## What is needed:
Pictures in the records are to be excluded from an otherwise exact copy.

(Web page caption snippets)
━━━━━━━━━━━━━━━━━━━━━━━━━━━━━━

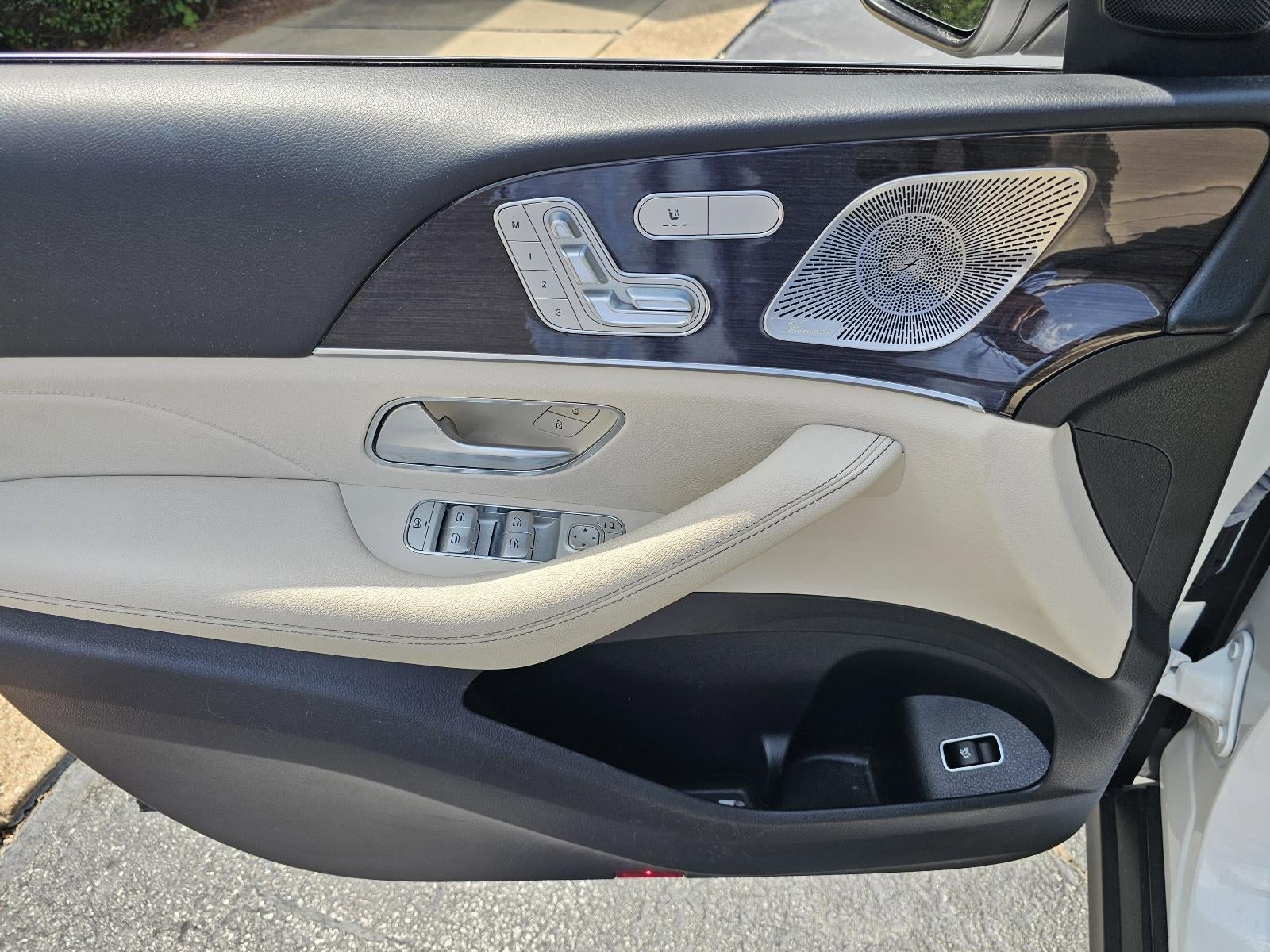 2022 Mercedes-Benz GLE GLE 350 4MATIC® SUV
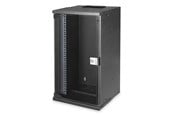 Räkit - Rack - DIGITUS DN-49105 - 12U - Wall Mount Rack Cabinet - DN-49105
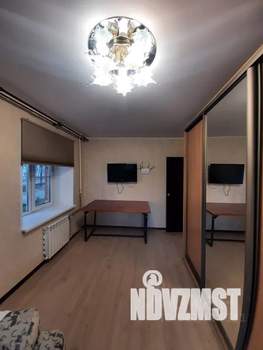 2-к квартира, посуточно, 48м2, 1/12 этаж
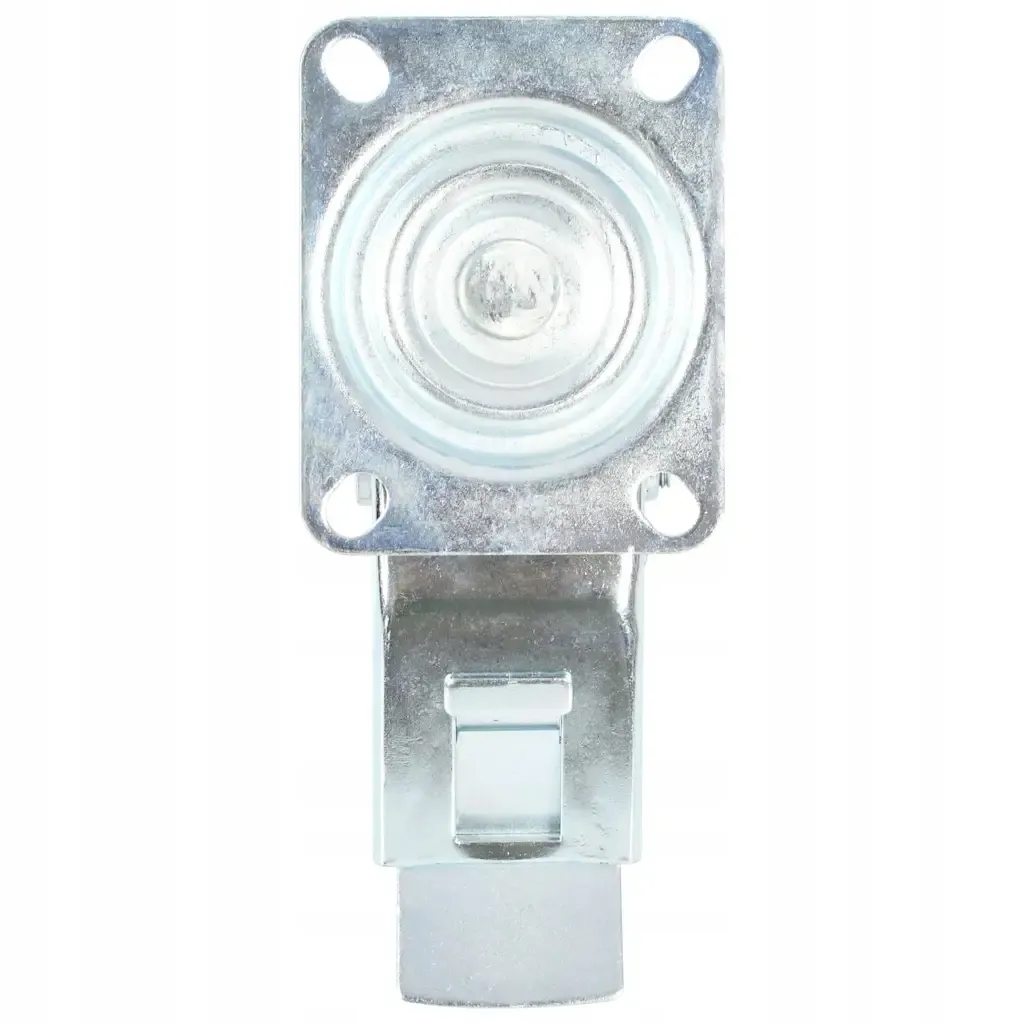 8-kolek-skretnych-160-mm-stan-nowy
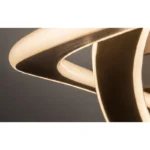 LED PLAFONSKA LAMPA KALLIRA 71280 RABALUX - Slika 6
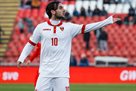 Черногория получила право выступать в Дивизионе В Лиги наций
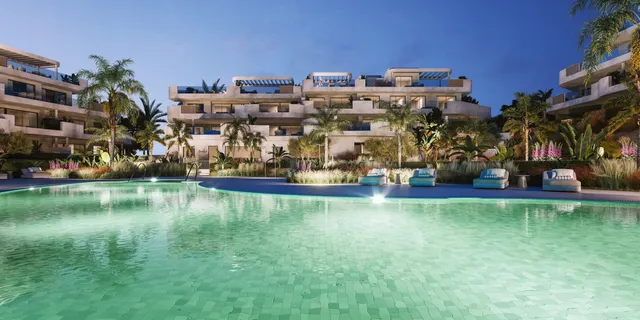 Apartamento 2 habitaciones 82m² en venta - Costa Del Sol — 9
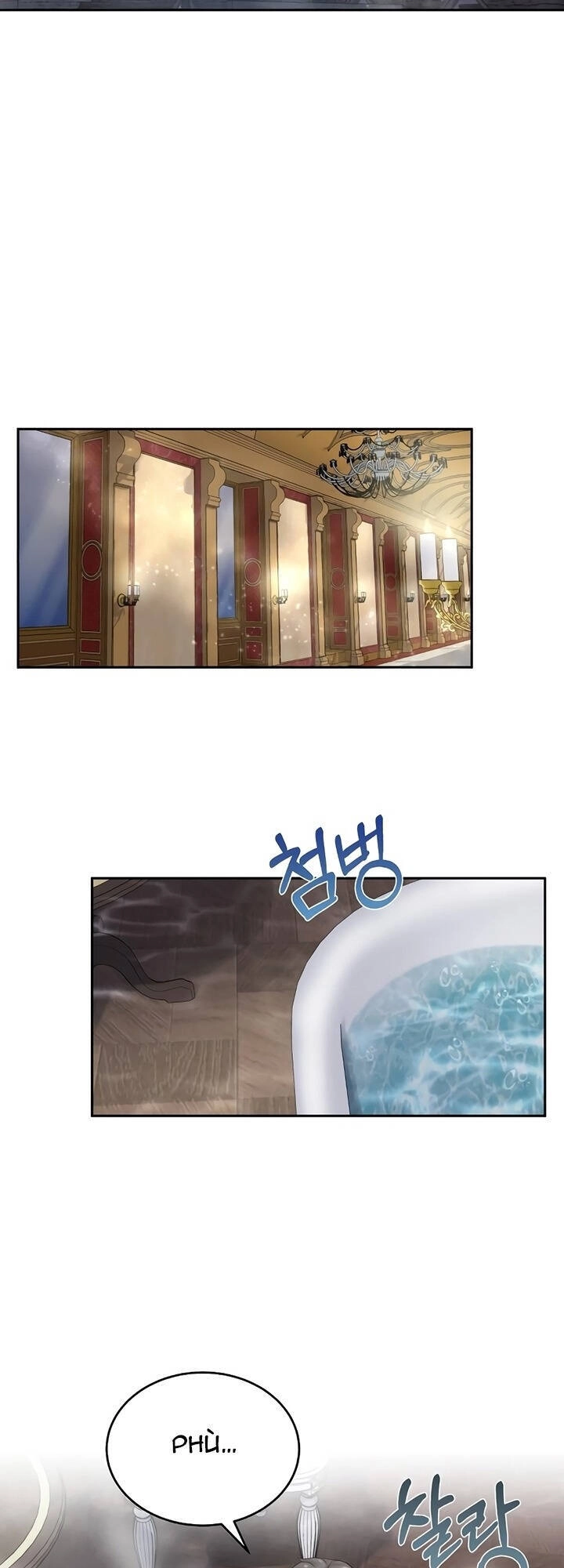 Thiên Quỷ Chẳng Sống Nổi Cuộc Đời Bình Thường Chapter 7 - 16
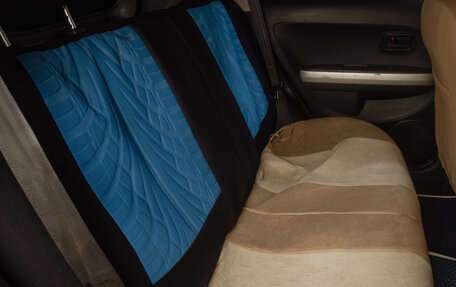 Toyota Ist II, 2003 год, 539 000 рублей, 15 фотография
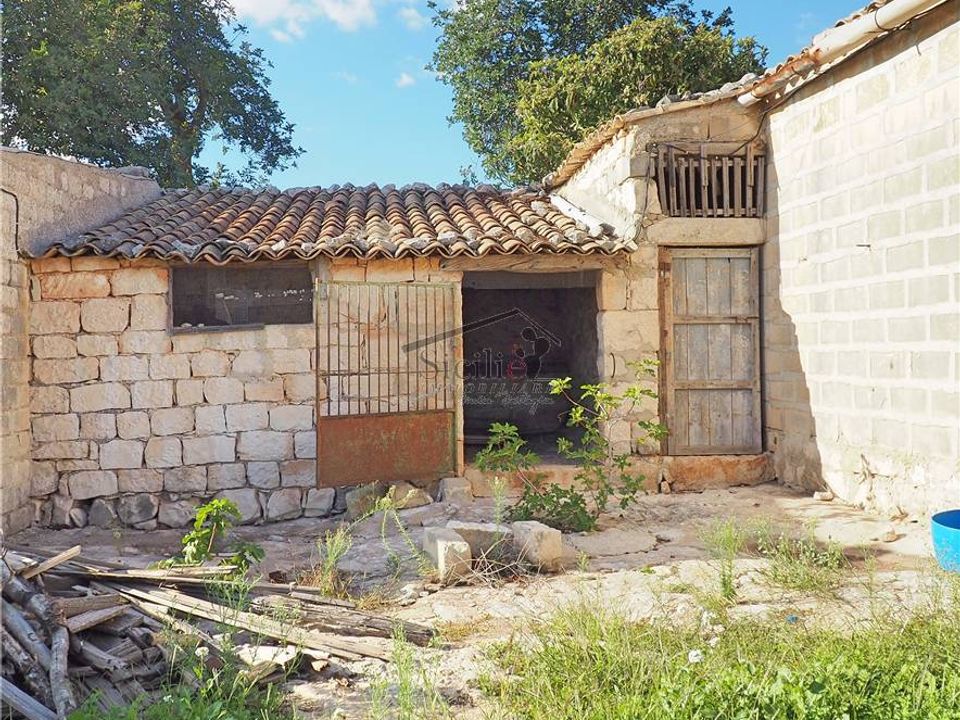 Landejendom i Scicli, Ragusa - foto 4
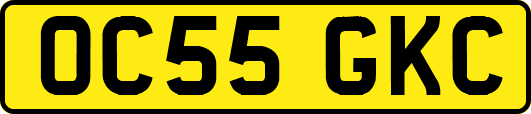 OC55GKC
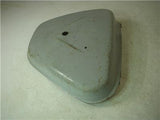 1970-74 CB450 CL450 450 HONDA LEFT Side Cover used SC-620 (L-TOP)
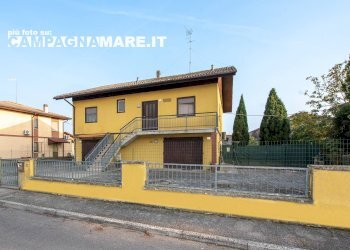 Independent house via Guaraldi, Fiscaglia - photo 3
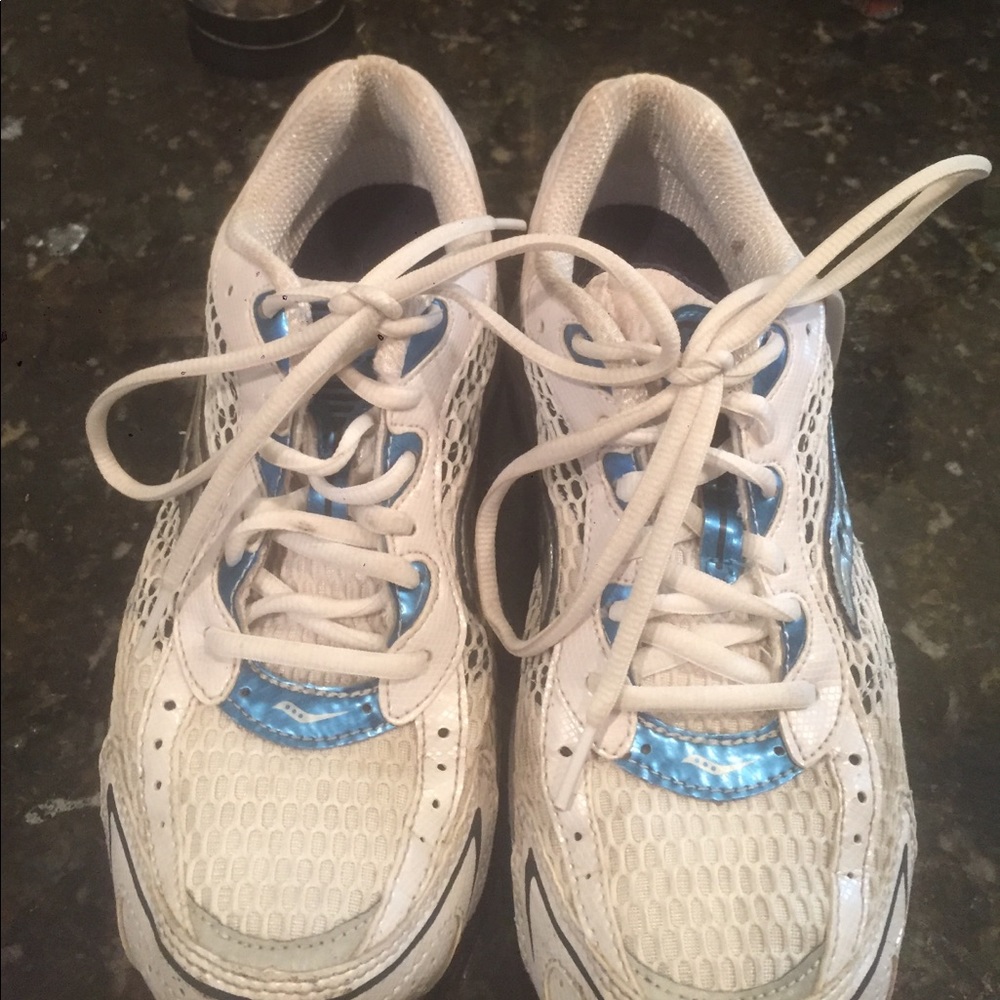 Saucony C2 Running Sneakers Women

━━━━━━━━━━━━━━━━━━━━━━━━━━━━━━

## Final answer:
 2022 Mercedes-Benz GLE GLE 350 4MATIC® SUV
 Räkit - Rack - DIGITUS DN-49105 - 12U - Wall Mount Rack Cabinet - DN-49105
 2-к квартира, посуточно, 48м2, 1/12 этаж
 8-kolek-skretnych-160-mm-stan-nowy
 LED PLAFONSKA LAMPA KALLIRA 71280 RABALUX - Slika 6
 Черногория получила право выступать в Дивизионе В Лиги наций
 Apartamento 2 habitaciones 82m² en venta - Costa Del Sol — 9
 Thiên Quỷ Chẳng Sống Nổi Cuộc Đời Bình Thường Chapter 7 - 16
 Toyota Ist II, 2003 год, 539 000 рублей, 15 фотография
 Landejendom i Scicli, Ragusa - foto 4
 OC55GKC
 1970-74 CB450 CL450 450 HONDA LEFT Side Cover used SC-620 (L-TOP)
 Independent house via Guaraldi, Fiscaglia - photo 3
 Saucony C2 Running Sneakers Women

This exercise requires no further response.